Collected data
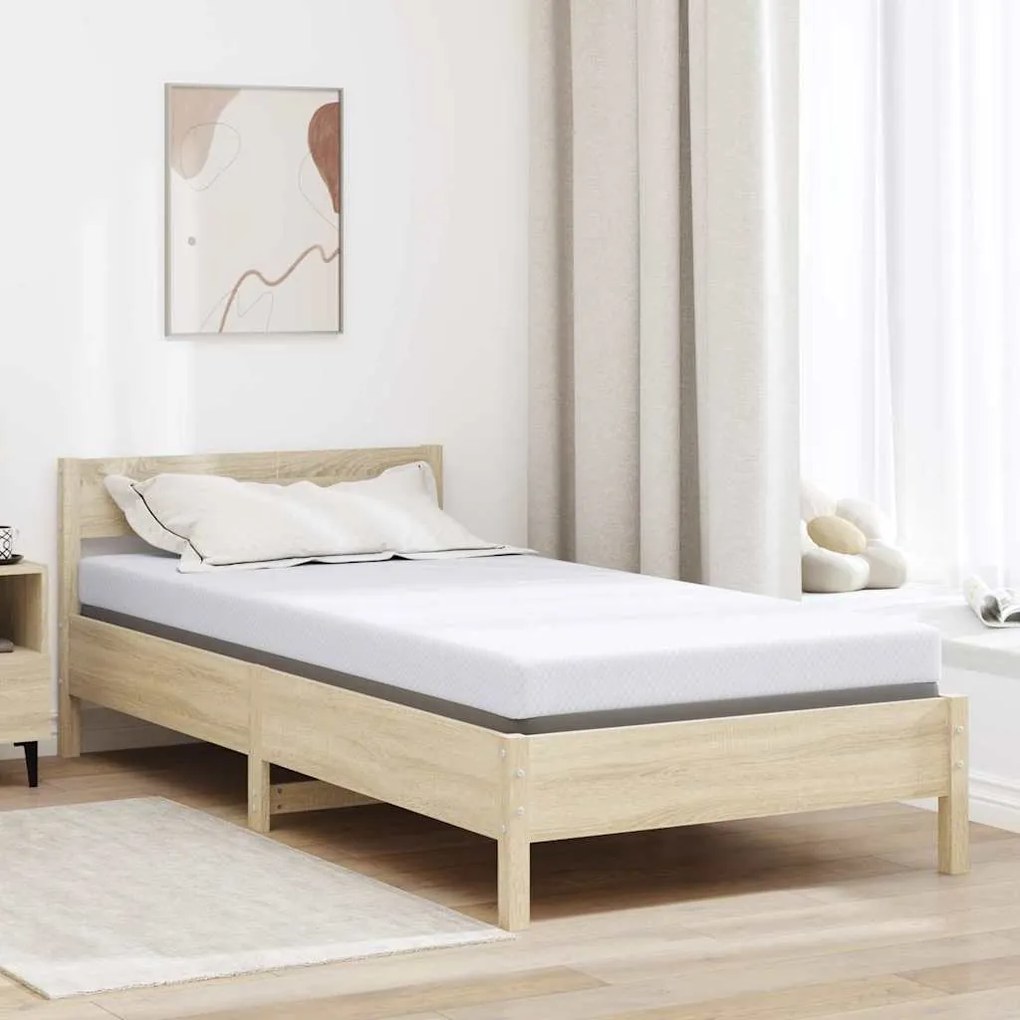 vidaXL Στρώματα Λευκό 100 x 200 cm 100% ύφασμα πολυεστέρα με τζακάρ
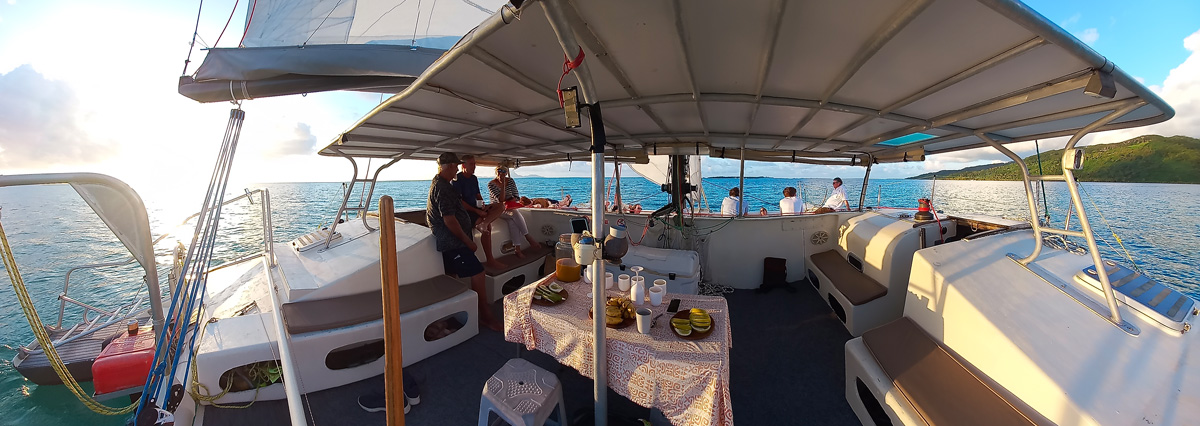 Tour Sunset en groupe face à Bora Bora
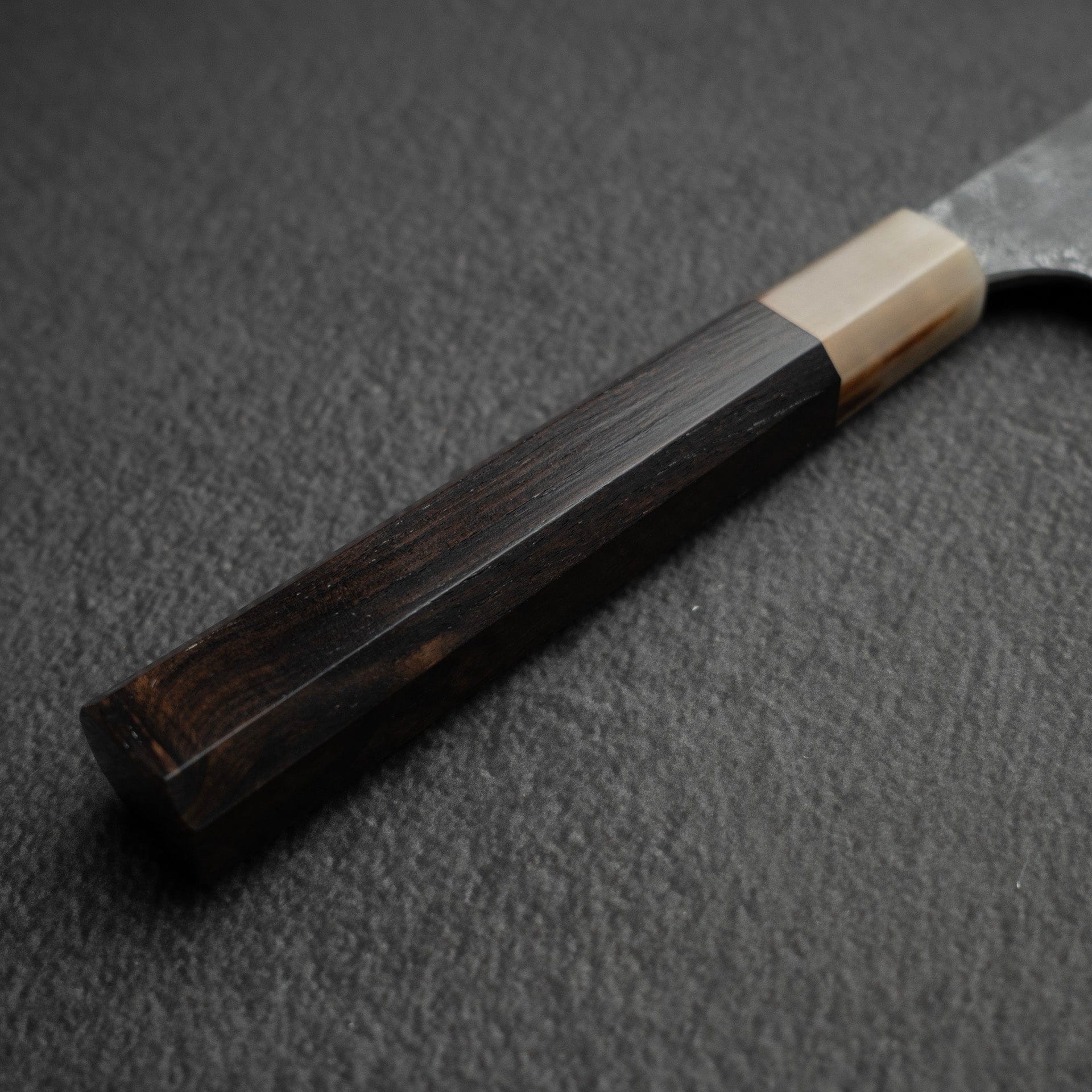 MazakiWhite2KurouchiGyuto240mme_850c9ec9-dc2c-415c-8b9f-c254d3022fce.jpg Mazaki White 2 Kurouchi Gyuto 240mm, view 5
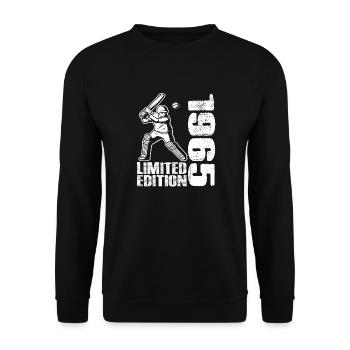 Édition limitée 1965 Édition limitée Cricket - Sweat-shirt Unisexe - noir - Devant - Alina (178cm) & Michal (187cm)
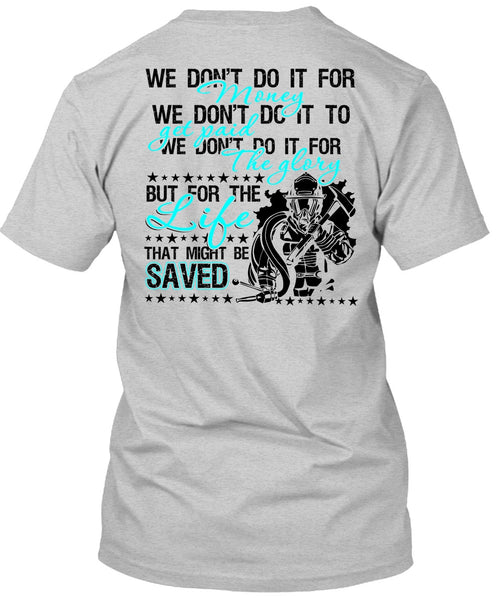 Hottest Occupation Firefighter T Shirt, Fire Engine Riding T Shirt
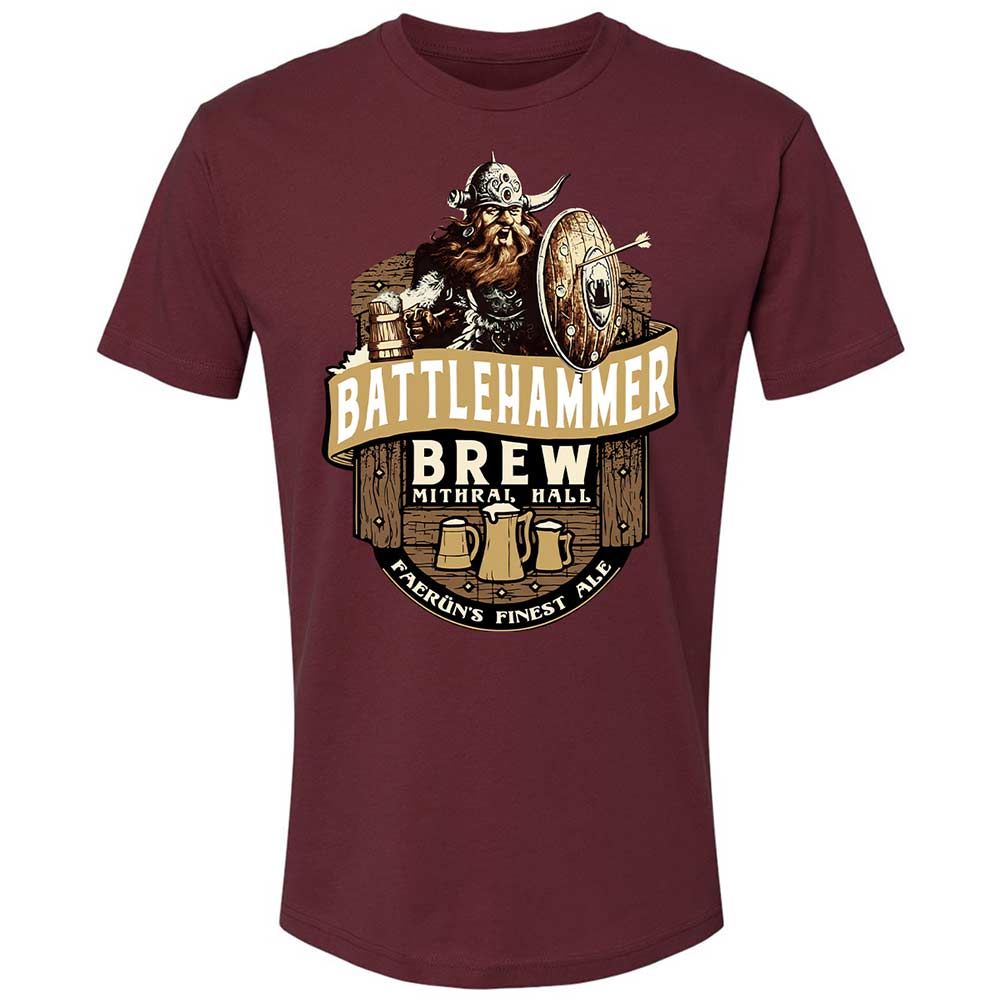 Battlehammer Brew Premium Unisex T-Shirt - Maroon - 10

→ **WHAT THE EXERCISE ASKS**
From the line containing "240mm, view 5" through the last line of the entries, both included, print each line exactly and omit any picture.

→ **SOLVED EXERCISE**
 MazakiWhite2KurouchiGyuto240mme_850c9ec9-dc2c-415c-8b9f-c254d3022fce.jpg Mazaki White 2 Kurouchi Gyuto 240mm, view 5
 Édition limitée 1965 Édition limitée Cricket - Sweat-shirt Unisexe - noir - Devant - Alina (178cm) & Michal (187cm)
 Hottest Occupation Firefighter T Shirt, Fire Engine Riding T Shirt
 Battlehammer Brew Premium Unisex T-Shirt - Maroon - 10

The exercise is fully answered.